P. de Villiers : Sur le FN, moi, je voudrais dire que je crois à l’égalité des races et à l’égale dignité des hommes, donc je renvoie le FN à ses outrances mais je crois, pour répondre directement à votre question, que répondre à l’outrance par la violence, c’est créer un climat d’intolérance et c’est une très grave responsabilité, de même que de jeter l’opprobre sur les électeurs du FN. Parce que tout à l’heure, lorsque j’écoutais les informations, avant d’être en dialogue avec vous, je pensais à des auditeurs de RTL qui sont des électeurs potentiels du FN, c’est-à-dire le salarié chez Renault inquiet pour son avenir dans le système maastrichtien, le contribuable français qui entend parler de cinq milliards de détournements au Crédit Lyonnais – probablement sans sanction -, le lecteur de la presse qui apprend que les violeurs de la femme flic du RER vont probablement être libérés et puis l’observateur tout simplement, qui constate la connivence maastrichtienne et le front républicain entre le RPR, l’UDF et le PS. Alors, il faut autre chose et cet autre chose, c’est probablement notre alliance, la droite indépendante pour une autre politique, avec le CNI.

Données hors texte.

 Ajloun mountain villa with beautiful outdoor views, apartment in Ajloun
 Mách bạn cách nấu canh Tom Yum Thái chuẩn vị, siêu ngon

O. Mazerolle : En un mot, qu’est-ce que vous attendez du procès de Carpentras ?
P. de Villiers : Il est important que ce procès ait lieu. Il met fin à toutes sortes de manipulations et de rumeurs malignes et il doit être, à mon sens, l’occasion d’une mobilisation contre l’antisémitisme et contre les actes odieux que constituent les profanations de tombes. Rien n’est pire que ce défi à la civilisation qui consiste à violer le souvenir de quelqu’un.